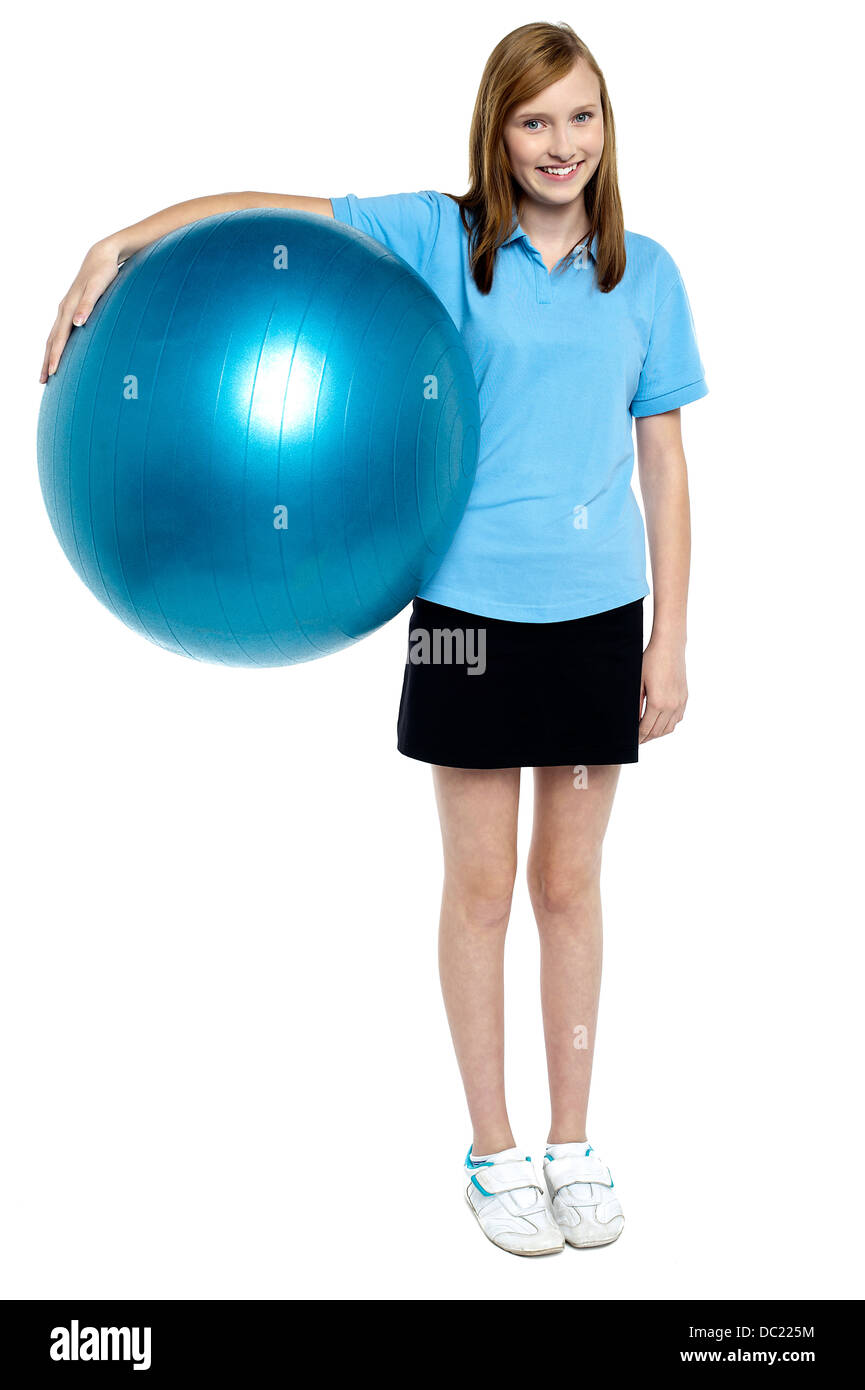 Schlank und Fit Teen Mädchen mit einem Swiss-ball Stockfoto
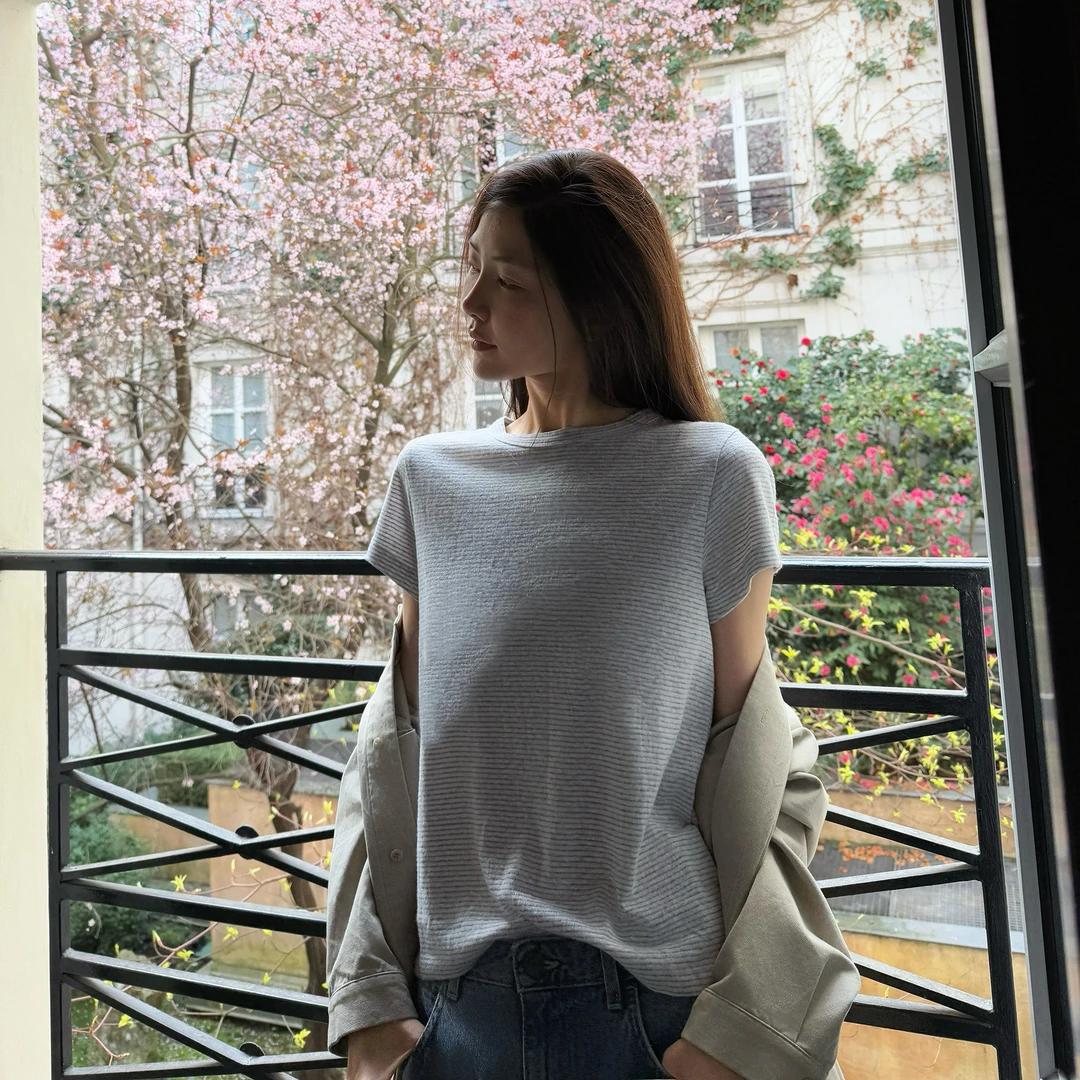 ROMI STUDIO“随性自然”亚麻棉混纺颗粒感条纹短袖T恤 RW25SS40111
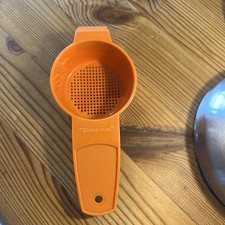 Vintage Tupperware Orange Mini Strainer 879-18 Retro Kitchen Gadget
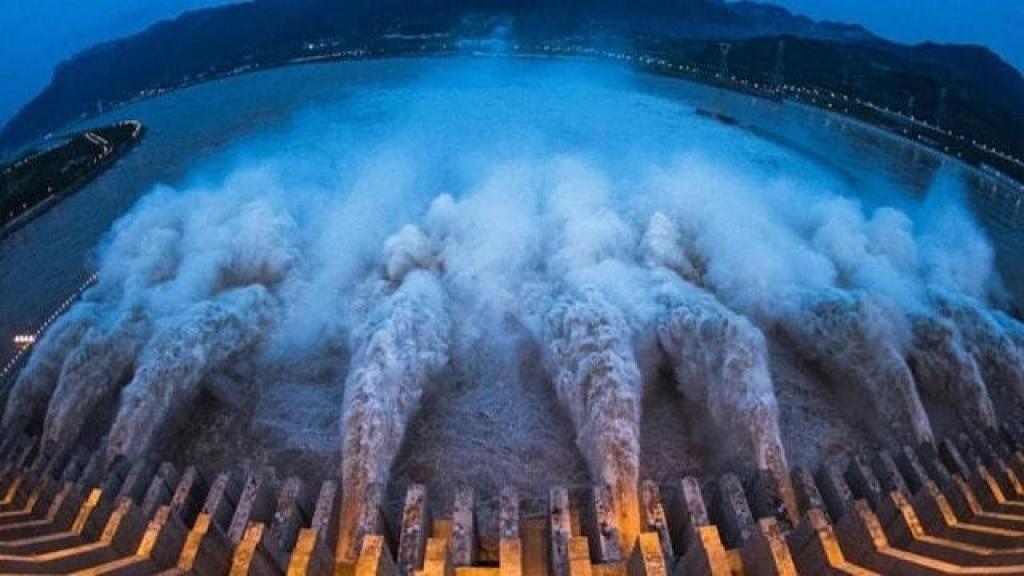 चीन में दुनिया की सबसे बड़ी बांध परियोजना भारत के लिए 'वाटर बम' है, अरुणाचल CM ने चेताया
--
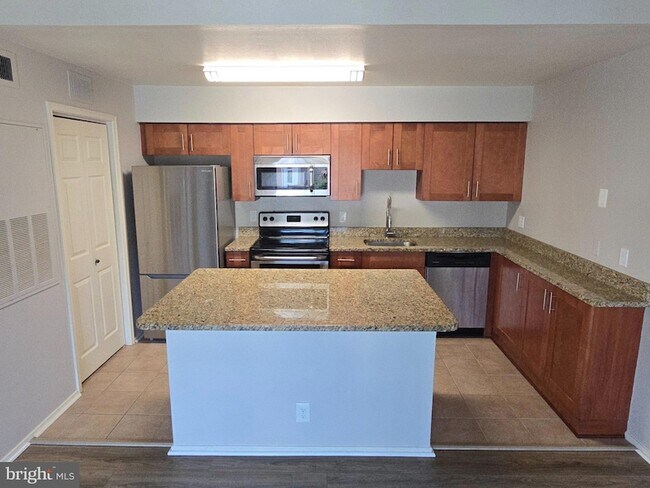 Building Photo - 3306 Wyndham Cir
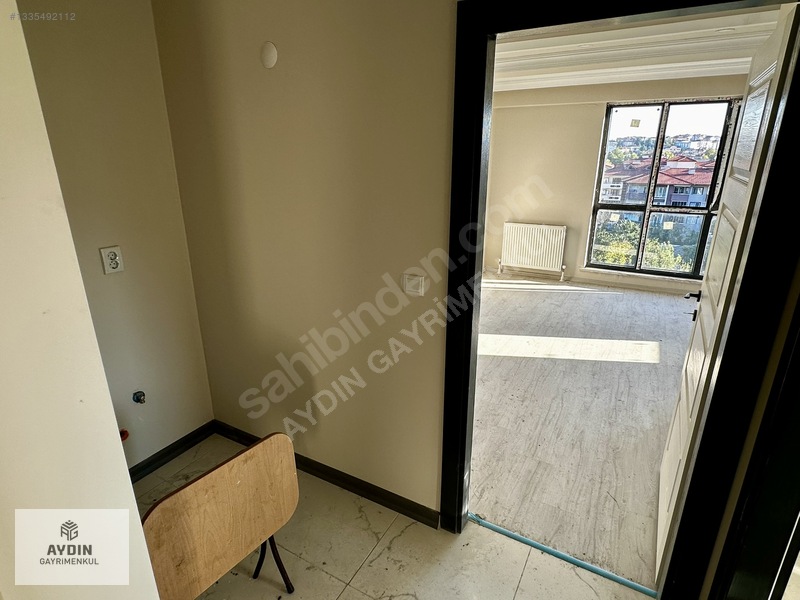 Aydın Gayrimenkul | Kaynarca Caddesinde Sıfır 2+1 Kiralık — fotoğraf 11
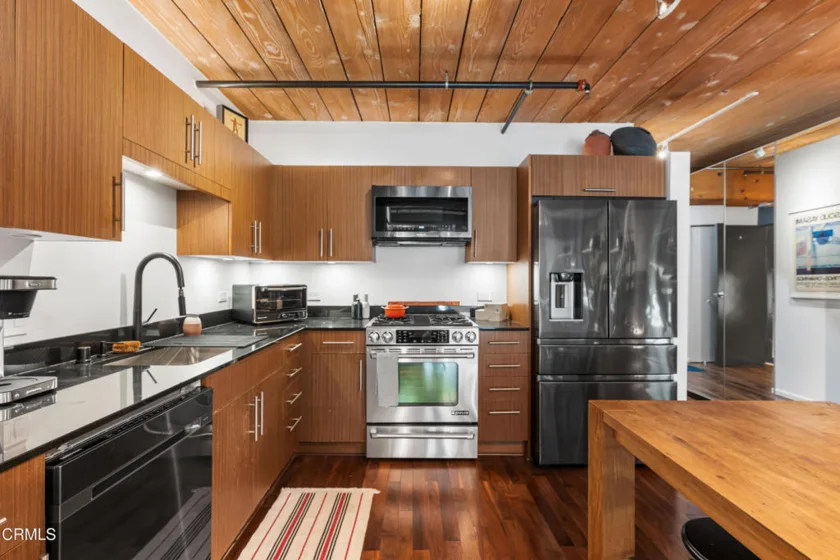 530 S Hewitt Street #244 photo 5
...
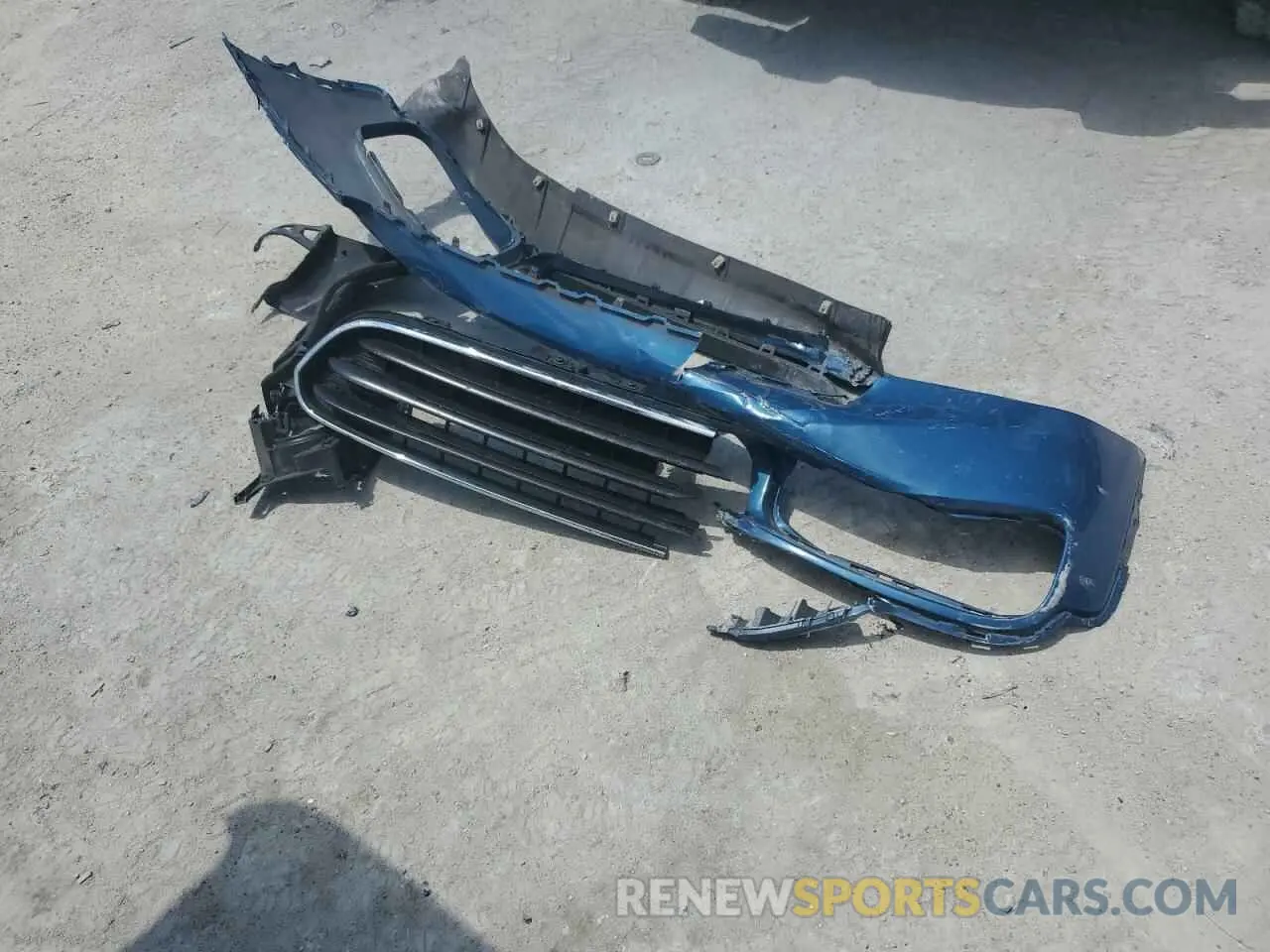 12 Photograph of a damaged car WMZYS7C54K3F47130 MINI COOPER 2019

Goal of the exercise:
Your answer must be the lines above from the one holding "Building Photo - 3306 Wyndham Cir" up to and including the one holding "530 S Hewitt Street #244 photo 5", exact and with no pictures.

Task response:
 Building Photo - 3306 Wyndham Cir
 Aydın Gayrimenkul | Kaynarca Caddesinde Sıfır 2+1 Kiralık — fotoğraf 11
 530 S Hewitt Street #244 photo 5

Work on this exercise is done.